As the days turned into weeks and we continued to hear the difficulties people were facing, coupled with our own sense of powerlessness, the impact on researchers’ mental health was something that also had to be addressed in order to maintain their wellbeing and continue to provide the duty of care that resulted in the best experience possible for everyone involved. To support researchers, daily debrief sessions were set up to discuss any issues that had arisen. This helped create a safe space to maintain wellbeing and act quickly if someone needed support. We set up a reference group as part of the project to discuss and put measures in place to counteract the issues people were experiencing.
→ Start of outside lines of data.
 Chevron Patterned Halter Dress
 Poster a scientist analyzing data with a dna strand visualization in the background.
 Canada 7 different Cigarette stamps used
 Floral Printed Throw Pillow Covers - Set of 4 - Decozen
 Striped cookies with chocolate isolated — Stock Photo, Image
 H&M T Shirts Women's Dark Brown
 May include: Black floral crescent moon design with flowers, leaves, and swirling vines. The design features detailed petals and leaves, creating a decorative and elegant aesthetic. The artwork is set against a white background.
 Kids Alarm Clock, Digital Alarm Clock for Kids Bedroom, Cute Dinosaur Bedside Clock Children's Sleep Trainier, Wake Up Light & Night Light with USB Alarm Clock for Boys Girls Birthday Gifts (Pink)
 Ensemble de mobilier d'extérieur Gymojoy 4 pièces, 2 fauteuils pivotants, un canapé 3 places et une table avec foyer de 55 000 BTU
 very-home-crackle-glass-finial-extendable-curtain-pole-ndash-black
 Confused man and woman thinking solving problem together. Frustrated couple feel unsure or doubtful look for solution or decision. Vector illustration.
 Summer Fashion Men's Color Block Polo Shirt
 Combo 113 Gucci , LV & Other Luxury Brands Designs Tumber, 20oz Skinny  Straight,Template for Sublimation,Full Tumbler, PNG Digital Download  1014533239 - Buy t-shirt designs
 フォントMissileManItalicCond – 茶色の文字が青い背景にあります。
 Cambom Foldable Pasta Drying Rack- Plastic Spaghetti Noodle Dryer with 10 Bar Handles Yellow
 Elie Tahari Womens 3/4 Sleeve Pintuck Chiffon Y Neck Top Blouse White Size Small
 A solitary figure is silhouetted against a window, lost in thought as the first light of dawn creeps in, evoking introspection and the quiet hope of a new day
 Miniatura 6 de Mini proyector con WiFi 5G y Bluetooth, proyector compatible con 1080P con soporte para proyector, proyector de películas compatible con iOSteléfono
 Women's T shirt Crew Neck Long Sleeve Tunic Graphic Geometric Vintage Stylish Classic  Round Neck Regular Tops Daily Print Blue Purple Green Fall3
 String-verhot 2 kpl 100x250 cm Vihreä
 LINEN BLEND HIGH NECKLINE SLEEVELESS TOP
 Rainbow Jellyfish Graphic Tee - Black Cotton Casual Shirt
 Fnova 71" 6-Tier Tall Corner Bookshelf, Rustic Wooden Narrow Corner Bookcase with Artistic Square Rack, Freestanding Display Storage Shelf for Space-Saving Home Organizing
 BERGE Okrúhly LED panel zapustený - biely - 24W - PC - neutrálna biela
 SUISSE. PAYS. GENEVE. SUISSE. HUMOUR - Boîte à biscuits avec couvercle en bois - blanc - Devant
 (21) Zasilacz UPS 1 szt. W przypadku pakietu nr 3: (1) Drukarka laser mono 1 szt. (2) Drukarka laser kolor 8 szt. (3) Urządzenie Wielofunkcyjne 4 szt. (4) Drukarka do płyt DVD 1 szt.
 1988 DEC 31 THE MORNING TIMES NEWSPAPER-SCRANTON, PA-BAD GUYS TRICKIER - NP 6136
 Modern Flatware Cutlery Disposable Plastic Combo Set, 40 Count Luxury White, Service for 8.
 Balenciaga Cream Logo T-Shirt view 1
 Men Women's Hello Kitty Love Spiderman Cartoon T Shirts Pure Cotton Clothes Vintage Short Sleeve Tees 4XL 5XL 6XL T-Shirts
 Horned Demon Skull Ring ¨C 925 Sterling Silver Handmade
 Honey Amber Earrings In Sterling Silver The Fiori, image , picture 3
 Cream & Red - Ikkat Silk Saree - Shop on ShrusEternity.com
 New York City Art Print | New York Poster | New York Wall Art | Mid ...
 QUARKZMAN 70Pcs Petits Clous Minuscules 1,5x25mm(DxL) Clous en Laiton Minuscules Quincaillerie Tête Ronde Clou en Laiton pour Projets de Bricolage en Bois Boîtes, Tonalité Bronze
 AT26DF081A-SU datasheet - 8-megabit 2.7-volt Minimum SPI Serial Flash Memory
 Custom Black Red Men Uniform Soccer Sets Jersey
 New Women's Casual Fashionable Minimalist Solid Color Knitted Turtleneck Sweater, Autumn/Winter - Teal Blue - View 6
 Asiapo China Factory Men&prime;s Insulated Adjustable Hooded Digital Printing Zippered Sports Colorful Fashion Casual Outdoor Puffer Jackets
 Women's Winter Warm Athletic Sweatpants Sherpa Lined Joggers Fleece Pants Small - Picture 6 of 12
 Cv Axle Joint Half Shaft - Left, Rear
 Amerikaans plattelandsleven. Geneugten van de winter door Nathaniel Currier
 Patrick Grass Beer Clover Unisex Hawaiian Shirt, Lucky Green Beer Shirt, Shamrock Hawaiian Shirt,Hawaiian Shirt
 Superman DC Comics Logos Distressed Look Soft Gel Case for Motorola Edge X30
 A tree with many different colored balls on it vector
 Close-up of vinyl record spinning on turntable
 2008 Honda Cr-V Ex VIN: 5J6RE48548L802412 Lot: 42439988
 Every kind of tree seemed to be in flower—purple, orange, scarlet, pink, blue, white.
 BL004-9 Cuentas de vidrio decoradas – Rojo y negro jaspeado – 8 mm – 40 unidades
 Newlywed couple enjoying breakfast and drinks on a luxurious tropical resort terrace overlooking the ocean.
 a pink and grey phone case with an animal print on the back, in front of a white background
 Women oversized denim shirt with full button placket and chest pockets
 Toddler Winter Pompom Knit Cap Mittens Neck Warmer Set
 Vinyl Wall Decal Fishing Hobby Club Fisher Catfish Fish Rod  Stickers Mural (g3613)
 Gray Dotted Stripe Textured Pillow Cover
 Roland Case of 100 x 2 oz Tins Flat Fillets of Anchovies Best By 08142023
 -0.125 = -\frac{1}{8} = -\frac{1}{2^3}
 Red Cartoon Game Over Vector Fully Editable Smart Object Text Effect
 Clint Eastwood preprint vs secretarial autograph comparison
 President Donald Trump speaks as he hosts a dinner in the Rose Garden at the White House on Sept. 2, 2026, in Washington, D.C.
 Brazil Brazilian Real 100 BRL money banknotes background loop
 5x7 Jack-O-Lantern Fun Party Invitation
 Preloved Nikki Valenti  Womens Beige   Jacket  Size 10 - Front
They helped to steer the project and think about how we could turn the insights we had gathered into action – whilst also ensuring the voices of people with experience of homelessness were central to the research process. We produced accessible guides on how to apply the Government’s guidance when rough sleeping, living in shared accommodation, on how to access GP services and support for people dealing with substance misuse. We also liaised with our HHPA team to support people who were going without food or needed access to medication.
The absence of face-to-face fieldwork meant that trust had to be built up and a common ground found before people felt comfortable to engage in the research. Participants were often more receptive to the call and open when interviewers shared their own experiences of homelessness. It seemed to have a therapeutic value and helped to create an understanding and a willingness to be open and share their experiences more freely. Once again, highlighting the power of peer research and the importance of ensuring that those who have first-hand experience are involved throughout the research process.
For the people we spoke to, we heard that many of the services they relied on for support had been decimated by COVID-19. This created a vacuum that appeared to be causing a sense of hopelessness and helplessness and within this new society, where no-one intrudes, a void had opened up that painted a picture more often than not of a community struggling to come to terms with what the Government and media outlets were calling “the new normal”. This meant ensuring people had an opportunity to get their voices heard was increasingly and continues to be paramount.
As we enter the final months of 2020, we are continuing to see the impact of COVID-19 with local lock-down measures increasingly being put in place to stop the spread of the virus. If this truly is the “new normal” then it is now more important than ever for organisations and policy-makers to work with those experiencing homelessness to plan, respond and develop solutions to the challenges that lay ahead.